The Dark Social Rises

I was having my coffee outside Sunday morning, scrolling through my Twitter feed, and I saw a tweet from The Atlantic to an article about Dark Social.

Confession, when I initially saw the title I thought ”Dark Social…BATMAN!” But then I clicked through and started reading. What I found was an article that has dropped a bomb on our understanding of where web traffic is coming from. In particular, social media traffic. I think many of us had an inkling that all was not well in the world of web analytics, but never have I seen it laid out so clearly as in Madrigal’s article.

As a teenager in rural Washington in the late 90’s, Madrigal spent a lot of time in USENET forums, on ICQ and email. The idea that the web was a structured set of links and directories that was suddenly disrupted and socialized by sites like MySpace and later Facebook has never sat well with him. He points out that much of the time he spent online prior to the “social web” revolution of the mid 2000’s was actually highly social – he was chatting and sharing links with friends.

Our history of the web is wrong, the web didn’t evolve to be social, it always was.

Tracking social data

When you follow a link on a web site and in marketing emails there’s data attached to that link. In short, web site analytics products know where you came from, and often what marketing campaign drove the traffic. This is useful information, it allows us to answer questions like:

  • Was the email campaign successful? Did it increase sales or leads?
  • What was the most popular story this week, and where did the traffic come from?

It’s good to know where this traffic is coming from, it gives us information on where to spend our marketing dollars. When we look at our web analytics and are able to see that 20% of all traffic to a particular page came from Facebook, we’re able to answer the “What’s the ROI of social media?” question. We have stats. Hooray for data!

But, something was niggling at Madrigal. What about the vast amount of referral traffic that has no data attached? Direct traffic. This traffic magically appears as if people suddenly decided to visit an article buried deep within your site.
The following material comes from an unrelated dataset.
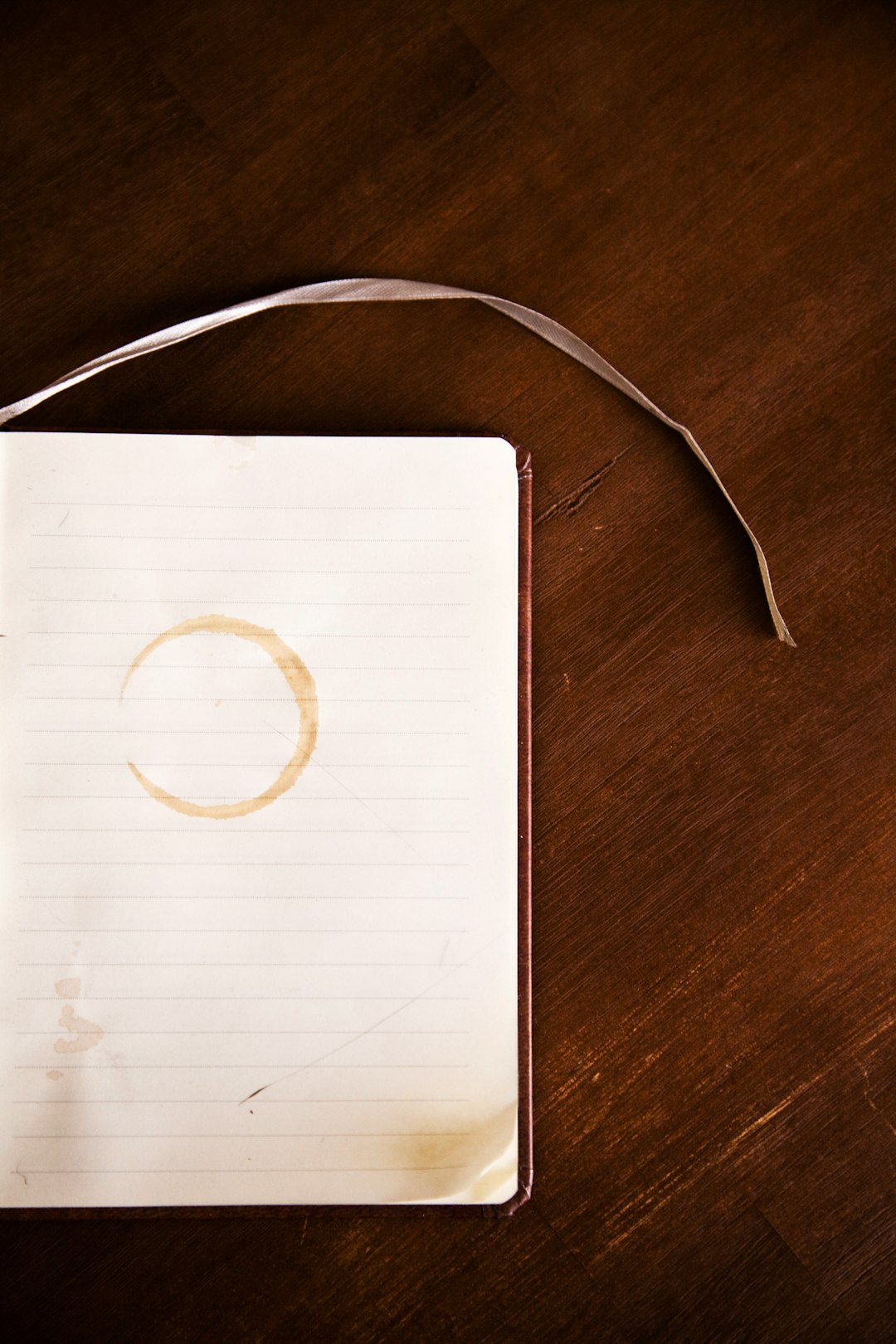 Otwarty notes leży na drewnianym blacie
How can that be explained?

Madrigal spoke to Chartbeat, as they have been very clever about how they measure the site traffic. They figure that if a direct visit is not landing on the homepage or a major section of the site, it must have come from a link shared somewhere. It’s simple but it makes sense. I mean who would ever type a url like this into their browser?

https://socialmediaclub.org/blogs/from-the-clubhouse/segmentation-dead-interest-graph-killed-it

(*ahem*, I think that link is a good read too) 

So if it’s been shared via email or IM or some other app between people, it’s social. Madrigal calls this traffic Dark Social and it helps explain a lot about that large portion of traffic that is earmarked as ‘Direct’ or ‘Bookmarked’ traffic in many analytics programs.

Good news for marketers, there’s now a name for that loosely categorized data.  Even better, there’s a way to explain sudden jumps in traffic to certain articles or product pages that happen out of the blue. This is all good, but for me what’s even more important than all of this data is this sentence: 

“The only real way to optimize for social spread is in the nature of the content itself. There’s no way to game email or people’s instant messages. There’s no power users you can contact. There’s no algorithms to understand. This is pure social, uncut.”

For me this is the single most important paragraph in the whole story. Madrigal and our friends at Chartbeat have uncovered potential data to prove something we all knew already. When individuals share content with friends, it’s because it’s highly relevant and there’s a connection between the content and the people it’s shared with. It’s valuable, and it drives engagement.

After reading Madrigal’s article I checked my Gmail account and lo and behold the number of articles I had shared via email over the past week outnumbered anything I had shared on a social network. Why? Because each link I shared via email was important, either to one person or a small group of people. On my social networks, I tend to share links where I think “I like this, I wonder if this will be useful to someone”. It’s clear email is not dead, it’s a glue that still binds a lot of important social and personal interactions online, including sharing.

We talk about engagement a lot nowadays, but it’s still easy to click a button to like or retweet something. Social is important, but it will never be as important as the quality, highly relevant content that you put out there. That’s the gold! That is your brand, and your message that you want people sharing, wherever they do it.